Reno firm sees growth in alcohol-detection bracelets

Mike Straw positions his Intercept LLC as a one-stop shop for house-arrest products.

It's a weird little niche, but Straw expects to see substantial growth for the Reno company as judges and attorneys increasingly turn to high-tech ankle bracelets to monitor alcohol use by criminal offenders.

Intercept LLC is breaking even these days as nine offenders wear the bracelets marketed by the firm that use a technology called "Secure Continuous Remote Alcohol Monitor" to detect alcohol use.

But Straw has 45 units ready to go, and he's knocking on the doors of 30 attorneys a week to get them interested.

"It's a lot of calls and a lot of waiting," says Straw, who continues to operate his mainstay business, Northern Nevada Investigations, as he builds the new firm.

His pitch to lawyers: The bracelets developed by Denver's Alcohol Monitoring Systems allow offenders to continue working while ensuring that authorities know if they drink.

Offenders have been ordered to use the technology by Sparks Justice Court, Reno Municipal Court, the Department of Alternative Sentencing and Family Court.

In a couple of Reno-area cases, Straw says, persons involved in nasty divorce actions have voluntarily worn the monitoring bracelets for 90 days to show that an ex-spouse has made false claims of alcohol abuse.

The ankle bracelet automatically analyzes secretions of the wearer's sweat glands for alcohol use 24 times a day. Results are downloaded into a modem and collected by a monitoring center that alerts Intercept LLC of violations.

The company also is alerted about attempts to tamper with the detector.
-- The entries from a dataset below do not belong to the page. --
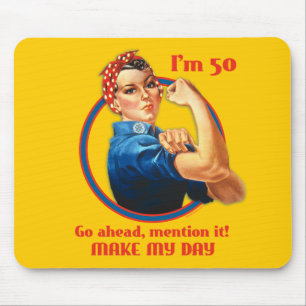 Aniversário Mousepad do rebitador 50th de Rosie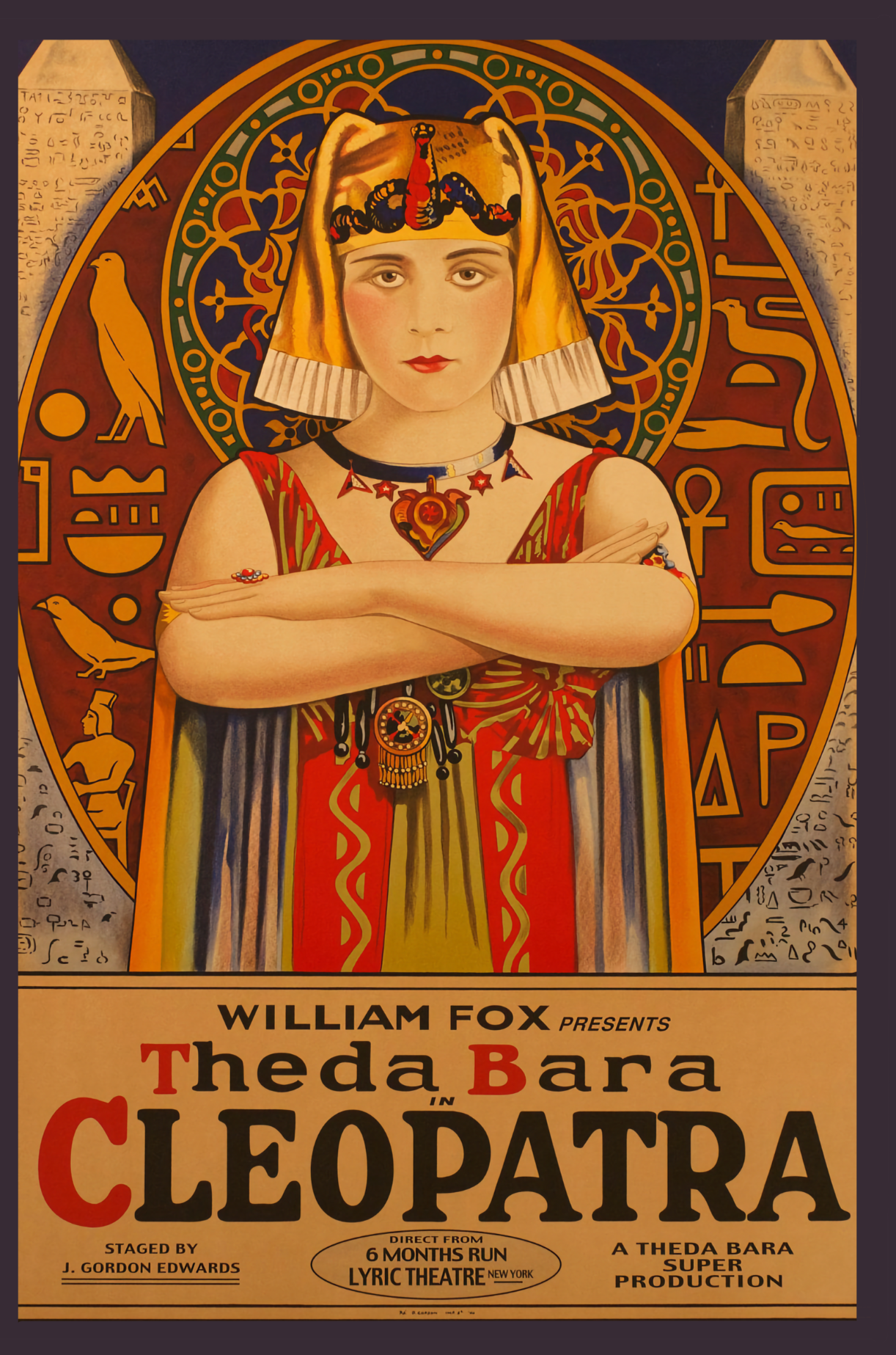 Cartel de la película muda 'Cleopatra' protagonizada por Theda Bara en 1917 - Postal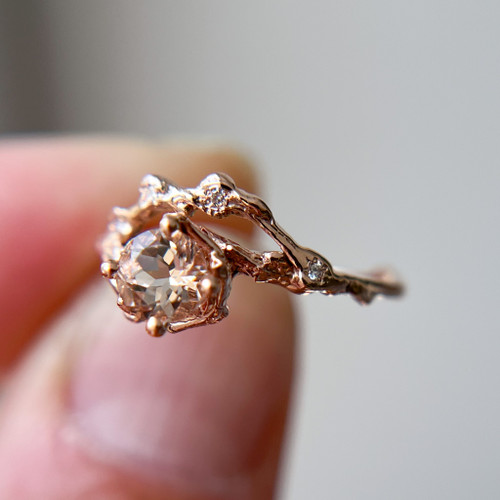 Naples Morganite Half Halo Engagement Ring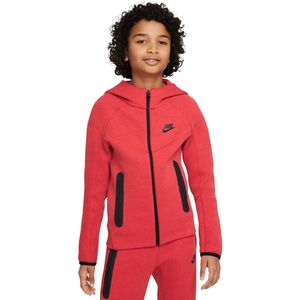 Nike tech fleece full zip hoodie junior in de kleur rood.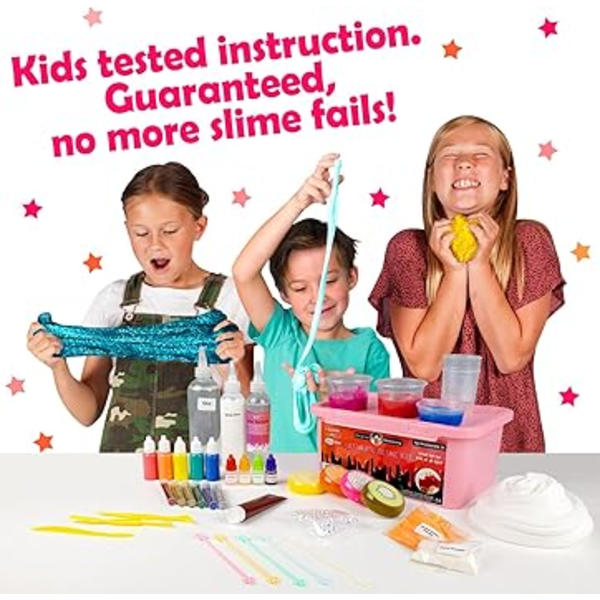 Mini enhörning slime-kit för flickor, barn kan göra fantastiskt glittermoln slime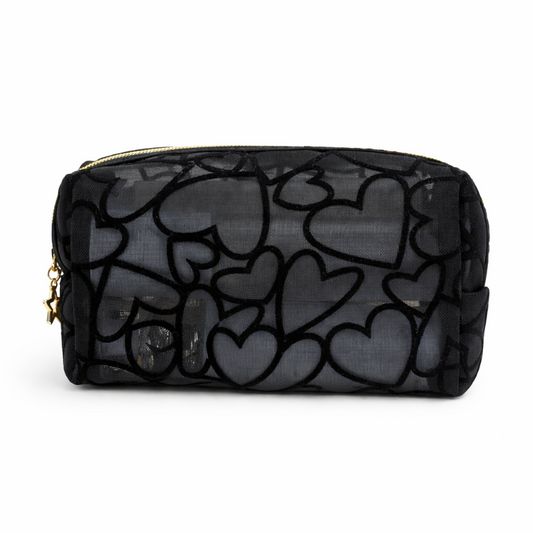 Black mesh pouch with heart patterns on a white background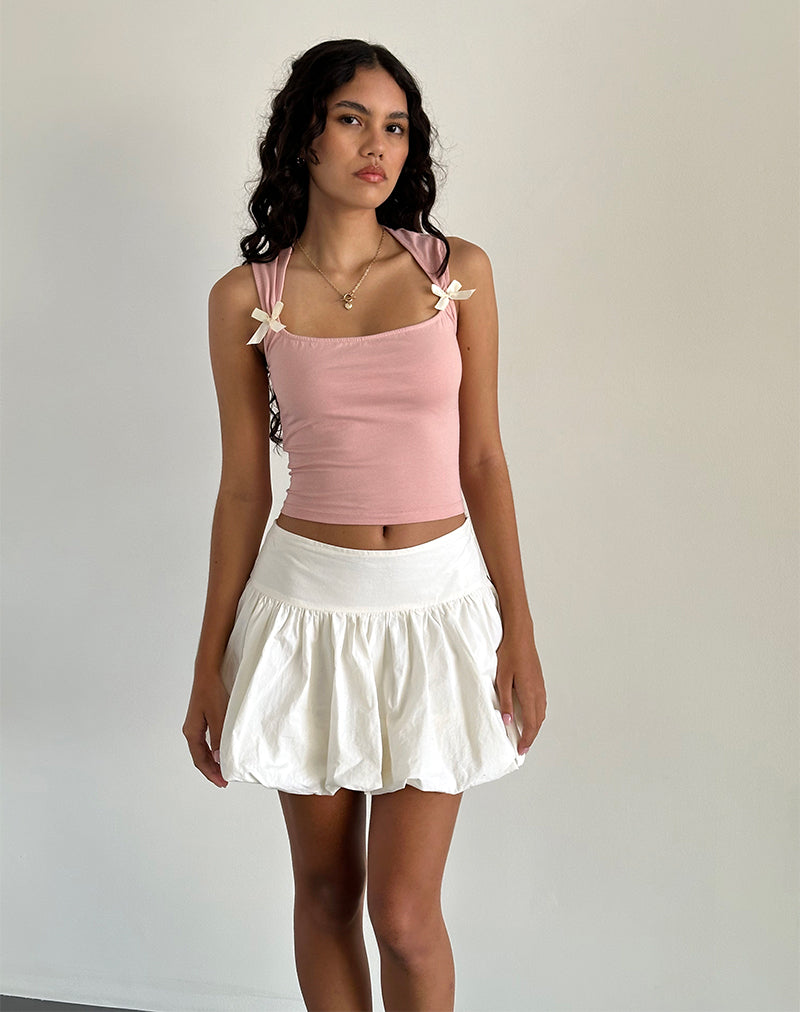 Jiniso Crop Top in Pink Lady with Ivory Bows-Nico Sky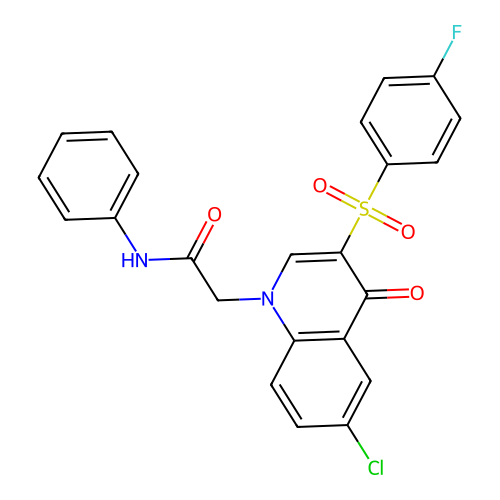 2-[6-chloro-3-(4-fluorophenyl)sulfonyl-4-oxoquinolin-1-yl]-N-phenylacetamide structure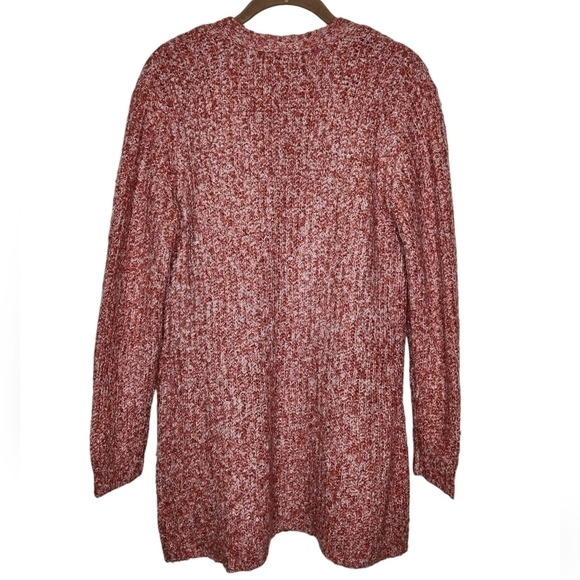 BB Dakota by Steve Madden Open Cardigan Pocket Sweater Salmon/White Size… - Picture 2 of 8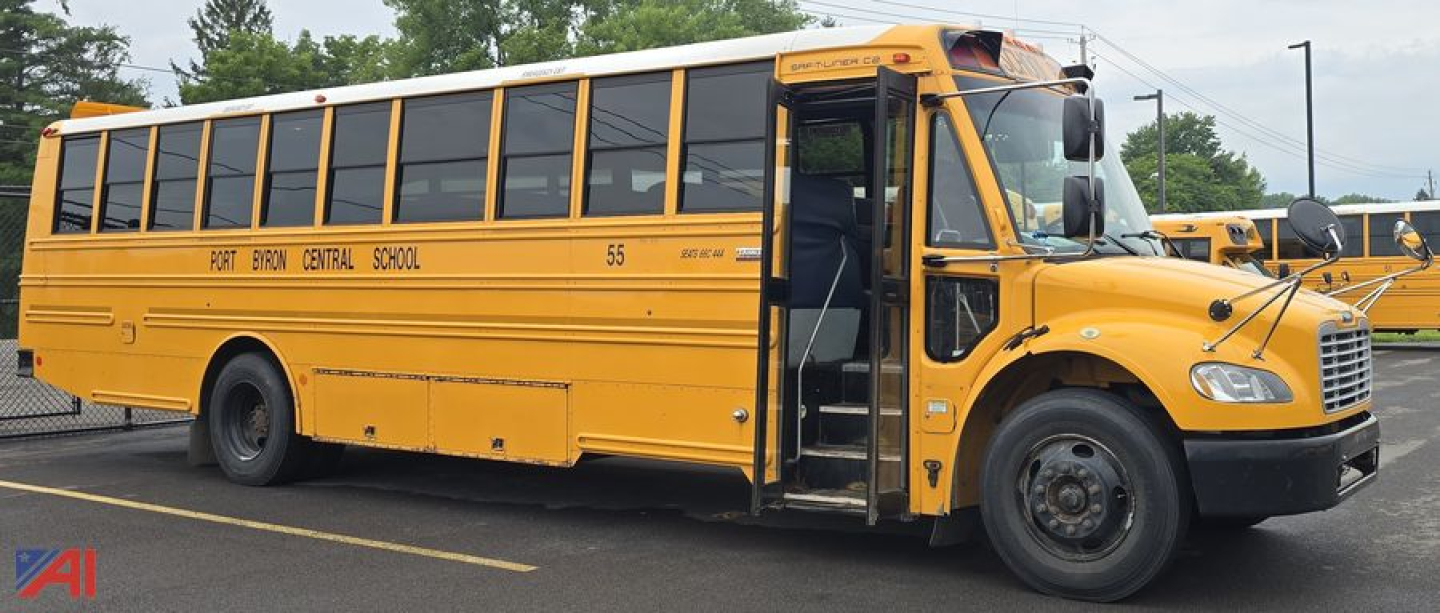 Bus showing 2019 Freightliner Thomas B2 Saf-T-Liner C2 school bus in yellow with side lettering and open door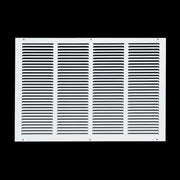 24 x 16-inch White Steel flat stamped return grille, front view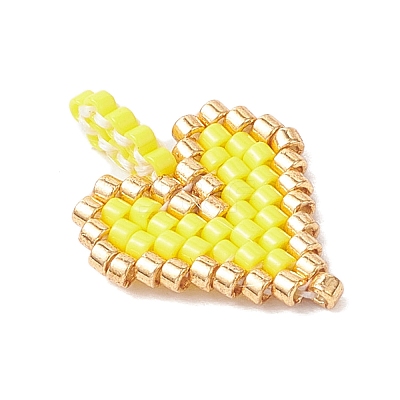 2Pcs 2 Styles Glass Seed Beaded Pendants PALLOY-MZ00883-02-1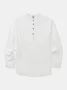 Plain Cotton Long Sleeve Casual Shirt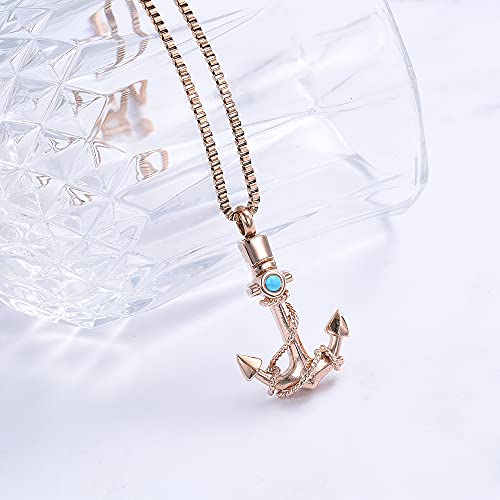 XSMZB Anchor Pendant Cremation Jewelry for Ashes Memorial Urn Necklace Navy Sailor Ashes Holder Stainless Steel Keepsake3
Cost of the system, which courts usually require offenders to pay, runs $10 a day plus a $35 intake fee. That's a bargain, Straw says, compared with the $17 a day that the average alcoholic spends on liquor every day not to mention the cost of a lost job.

Intercept LLC, which employs three, also markets traditional house-arrest monitoring systems that keep track of offenders.